中小企業専門家育成講座(第三者承継の基礎)

私が所属する弁護士業務改革委員会中小企業部会による中小企業専門家育成講座が始まりました。今回は「第三者承継の基礎」。講師は池内稚利弁護士でした。

中小企業経営者の高齢化が進む中、少子化等の影響から、親族内で後継者を確保することが難しくなってきており、M&A等による事業承継の必要性が高まっています。

中小企業庁も、今年4月に「事業引継ぎガイドライン」を策定する等、政策として力を入れている分野です。

今回の講義は、中小企業におけるM&Aのニーズの高まりを受けて、弁護士が関わる際の基本的な知識と注意点を学ぶことがメインでした。

中小企業のM&Aでは、会社と経営者の資産が明確に区別されていない等の中小企業特有の問題点が顕在化することがあるため、注意が必要です。

これまでは、売り手と買い手のマッチングに仲介業者が入るケースが多く、弁護士が関与するケースは多くはありませんでしたが、譲渡後のトラブルを防止する意味においても、弁護士が法務面の調査だけでなく、アドバイザーとしての役割を果たすことが求められているといえます。

 

調停人養成講座

私も所属している日本仲裁人協会主催の調停人養成講座入門編を受講しました。講師は、元裁判官で家庭裁判所の事件を多く取り扱ってきた上原裕之弁護士でした。

タイトルは「調停における臨床力」。

当事者のニーズを見つける、当事者の思いや気持ちを受けとめ、問題を共有してともに悩んでいく、知識やマニュアルは頭を使わない、当事者と共同作業しながら問題を乗り越えていくための方策を考える、などなど盛りだくさんの内容でした。

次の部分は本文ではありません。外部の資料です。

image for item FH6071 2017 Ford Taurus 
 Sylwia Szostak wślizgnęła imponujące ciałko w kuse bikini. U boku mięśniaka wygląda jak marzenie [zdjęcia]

法律家は知識があることで、目の前のケースについて、法律だとこうなるとか、裁判になるとこういう判断になるというある程度の予測から、調停の場でもその結論に導こうとしてしまいがち。それでは、当事者が納得する実のある話し合いはできないと思います。

私は家裁等での調停委員の経験はありませんが、調停の申立代理人になることはあります。個人的な感想ですが、これまで出会った調停委員で、「素晴らしい調停委員だな」と思った人は今のところいません笑。中には、話をきちんと聞いてくれてないと感じてしまう人もいます。

対立する当事者双方の話を聞き、解決の糸口を探していく調停人の仕事は、苦労することも多いだろうなと感じています。

今回、この講座を受講したのは、私が事件管理者として携わっている立教大学観光ADRの職務に役立てばということと、将来機会があれば調停委員をやることも少し考えているからです。

今日の上原弁護士の話は、小手先のテクニックではなく、調停人としてのマインドや姿勢について、基本的かつ重要な事柄でしたので、大変勉強になりました。

なお、上原弁護士によると、「知識はいったん記憶した上で、その後無意識化させるのがよい。したがって、本日の話も忘れることが望ましい。」とのことです笑。